### Exercise description
Filter these entries so that only lines with the word "Decoration" remain.

### Extracted entries
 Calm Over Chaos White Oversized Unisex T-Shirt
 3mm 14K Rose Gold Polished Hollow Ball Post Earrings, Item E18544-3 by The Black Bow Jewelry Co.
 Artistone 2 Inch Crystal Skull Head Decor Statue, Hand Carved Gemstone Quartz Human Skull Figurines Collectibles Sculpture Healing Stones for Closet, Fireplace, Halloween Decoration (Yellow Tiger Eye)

--

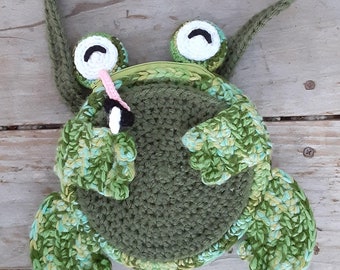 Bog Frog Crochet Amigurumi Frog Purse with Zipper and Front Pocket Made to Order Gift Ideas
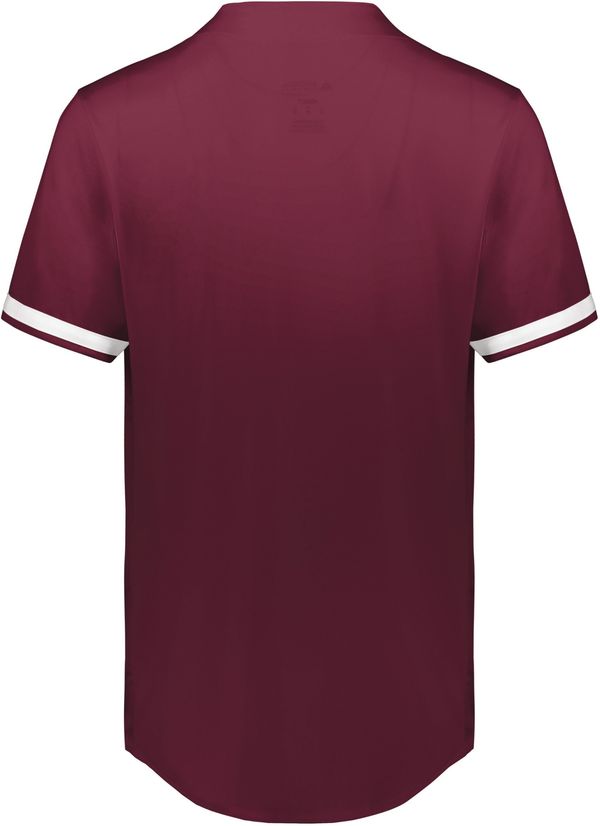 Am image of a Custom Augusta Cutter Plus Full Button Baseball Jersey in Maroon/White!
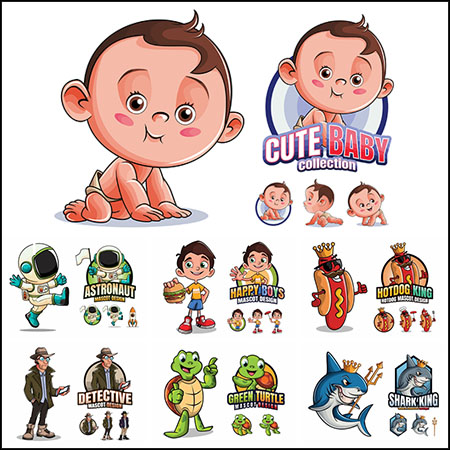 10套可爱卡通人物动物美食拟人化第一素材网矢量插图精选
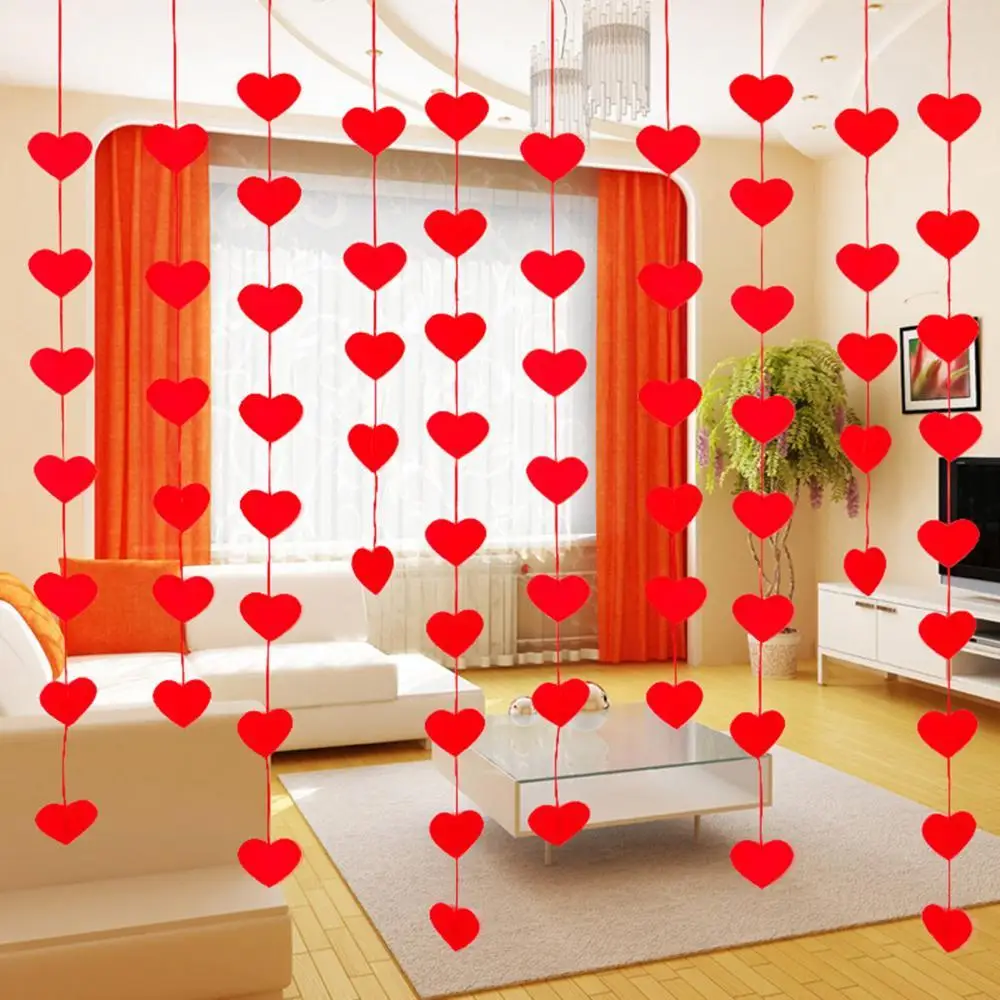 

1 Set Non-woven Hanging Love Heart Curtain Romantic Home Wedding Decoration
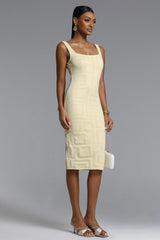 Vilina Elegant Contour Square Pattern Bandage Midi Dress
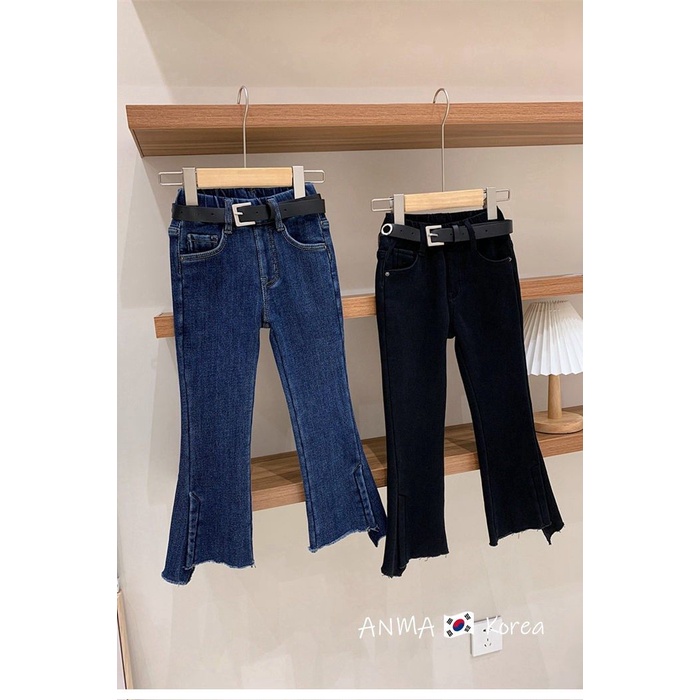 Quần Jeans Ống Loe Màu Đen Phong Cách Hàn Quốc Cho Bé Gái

### Answer to this task
 Artistone 2 Inch Crystal Skull Head Decor Statue, Hand Carved Gemstone Quartz Human Skull Figurines Collectibles Sculpture Healing Stones for Closet, Fireplace, Halloween Decoration (Yellow Tiger Eye)
1 Set Non-woven Hanging Love Heart Curtain Romantic Home Wedding Decoration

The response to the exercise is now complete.